PROBLEM REQUIREMENTS ->
Transcribe every entry below word for word, but skip the pictures.

*** DATASET CONTENT ***

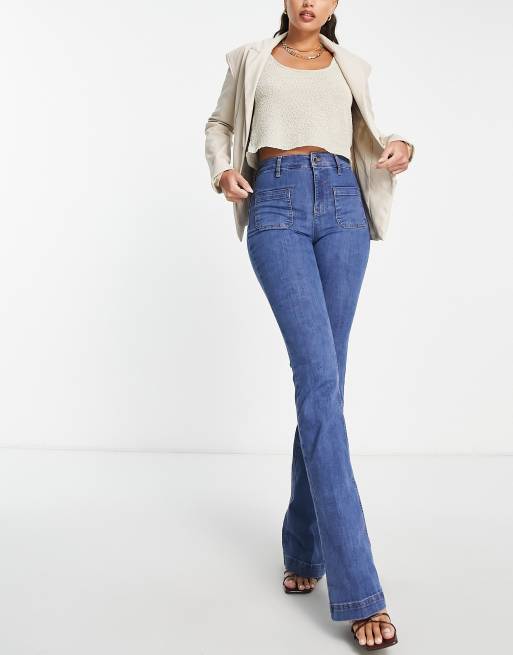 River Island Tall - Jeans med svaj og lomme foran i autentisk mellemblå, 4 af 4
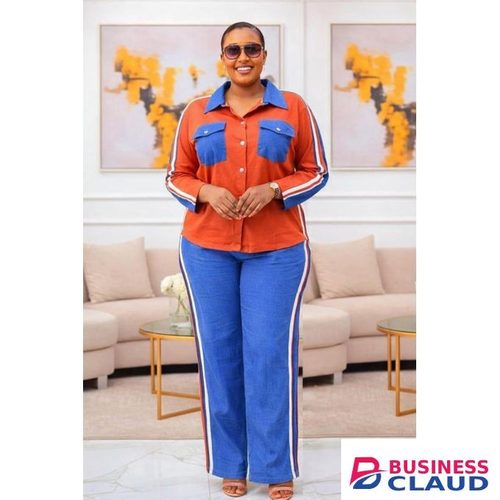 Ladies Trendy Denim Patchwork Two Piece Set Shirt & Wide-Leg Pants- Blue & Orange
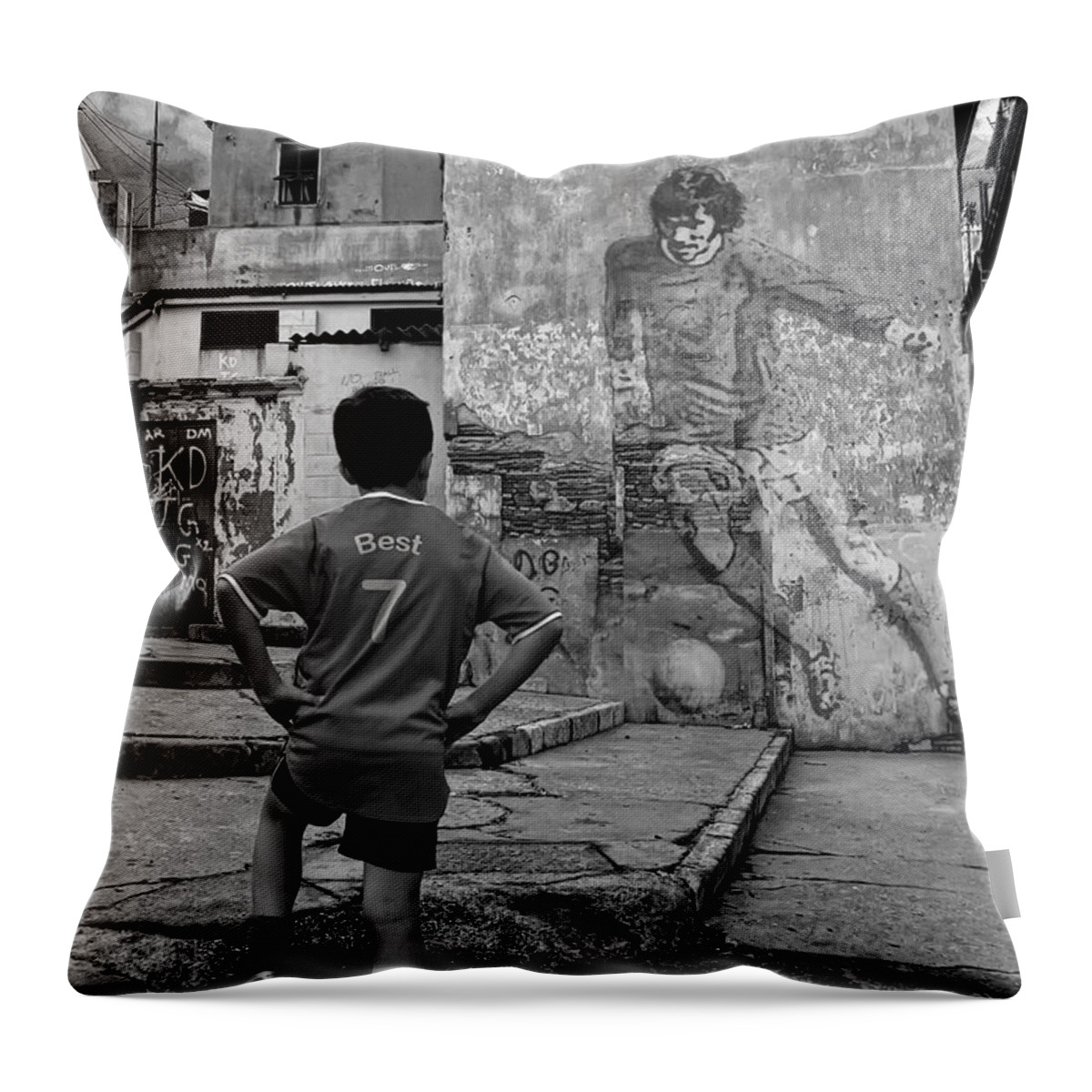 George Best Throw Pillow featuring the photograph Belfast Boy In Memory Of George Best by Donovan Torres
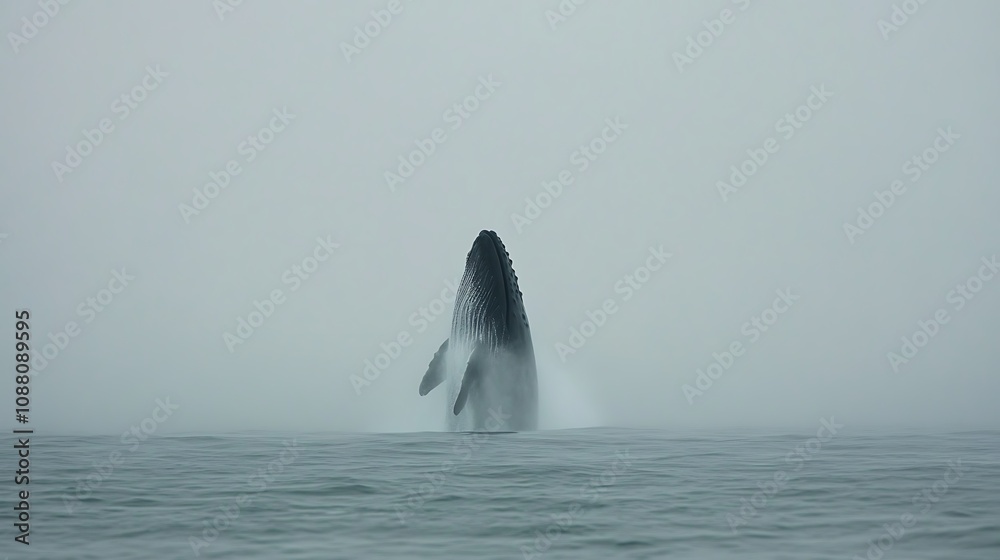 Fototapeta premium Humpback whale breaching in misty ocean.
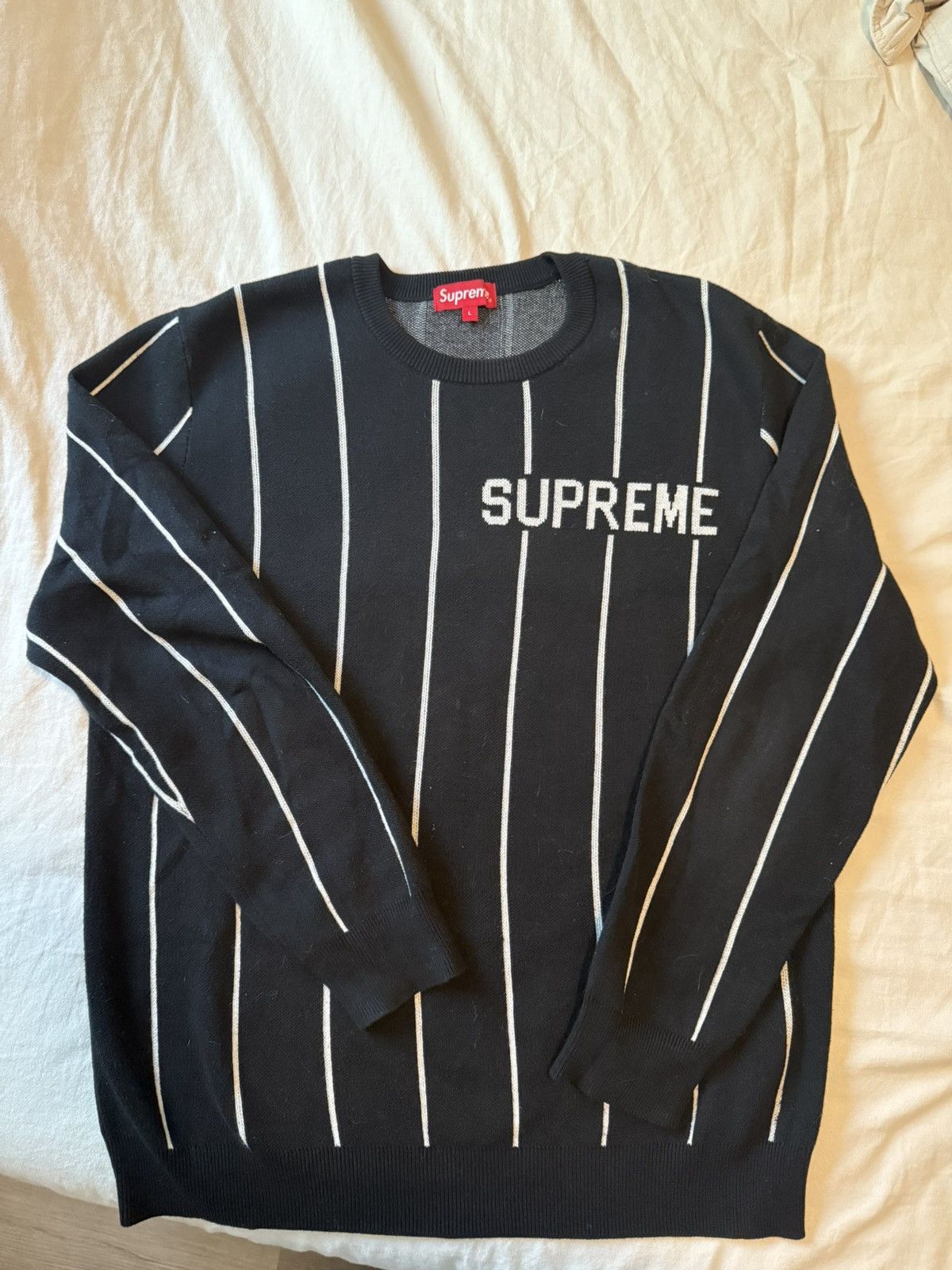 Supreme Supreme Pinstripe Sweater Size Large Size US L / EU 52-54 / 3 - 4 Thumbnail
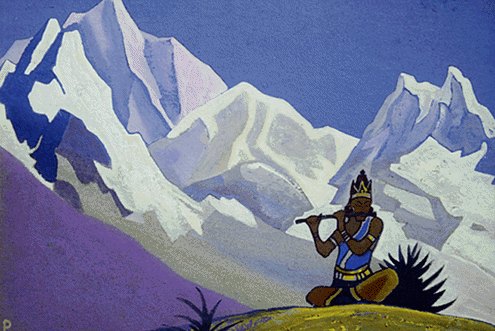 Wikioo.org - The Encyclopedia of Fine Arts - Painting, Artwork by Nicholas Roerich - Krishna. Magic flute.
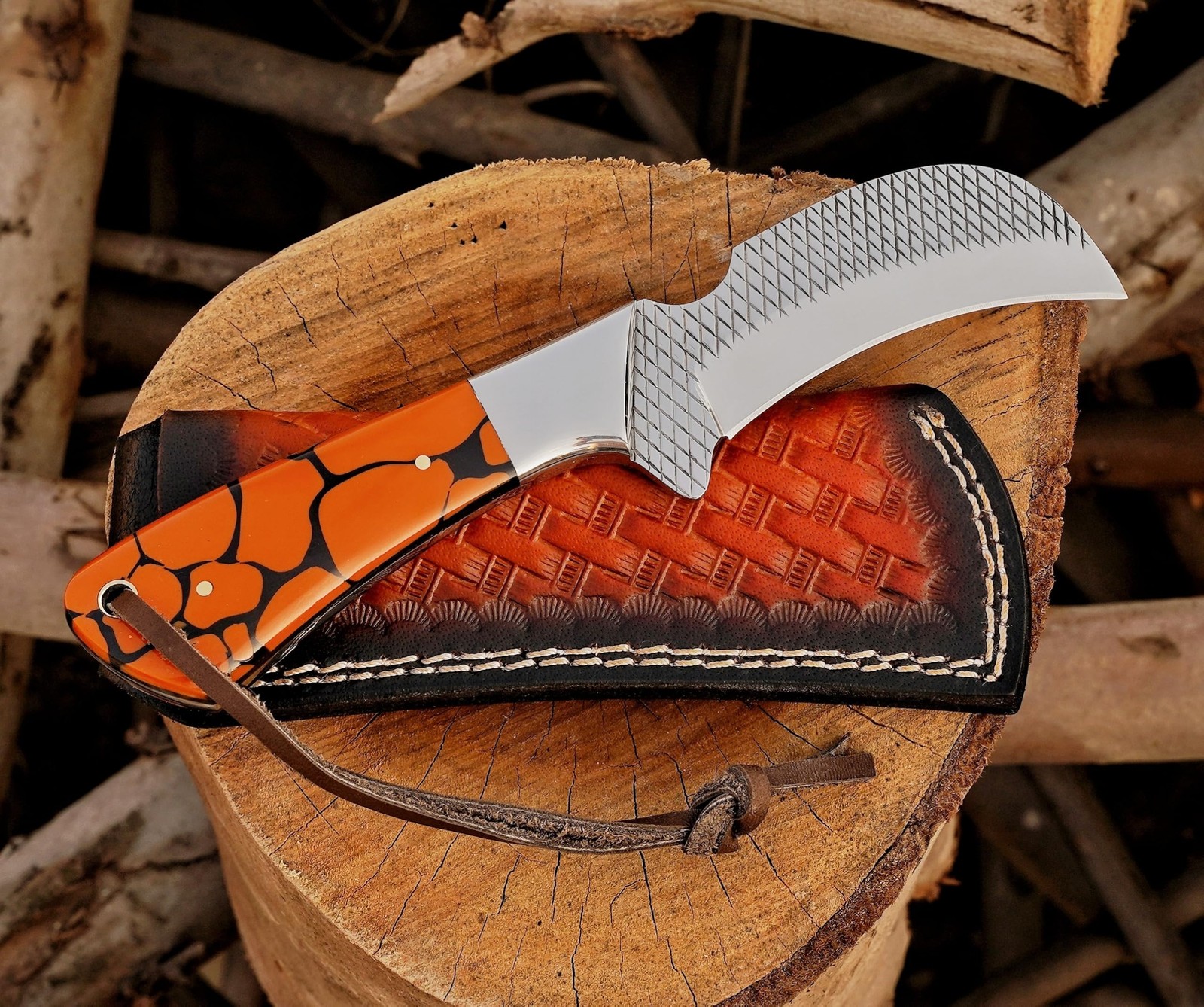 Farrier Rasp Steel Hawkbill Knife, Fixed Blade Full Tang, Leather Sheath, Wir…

*** End of DATASET CONTENT ***

WRITTEN SOLUTION ->
 River Island Tall - Jeans med svaj og lomme foran i autentisk mellemblå, 4 af 4
 Ladies Trendy Denim Patchwork Two Piece Set Shirt & Wide-Leg Pants- Blue & Orange
 George Best Throw Pillow featuring the photograph Belfast Boy In Memory Of George Best by Donovan Torres
 Fototapeta premium Humpback whale breaching in misty ocean.
 Supreme Supreme Pinstripe Sweater Size Large Size US L / EU 52-54 / 3 - 4 Thumbnail
 Wikioo.org - The Encyclopedia of Fine Arts - Painting, Artwork by Nicholas Roerich - Krishna. Magic flute.
 Farrier Rasp Steel Hawkbill Knife, Fixed Blade Full Tang, Leather Sheath, Wir…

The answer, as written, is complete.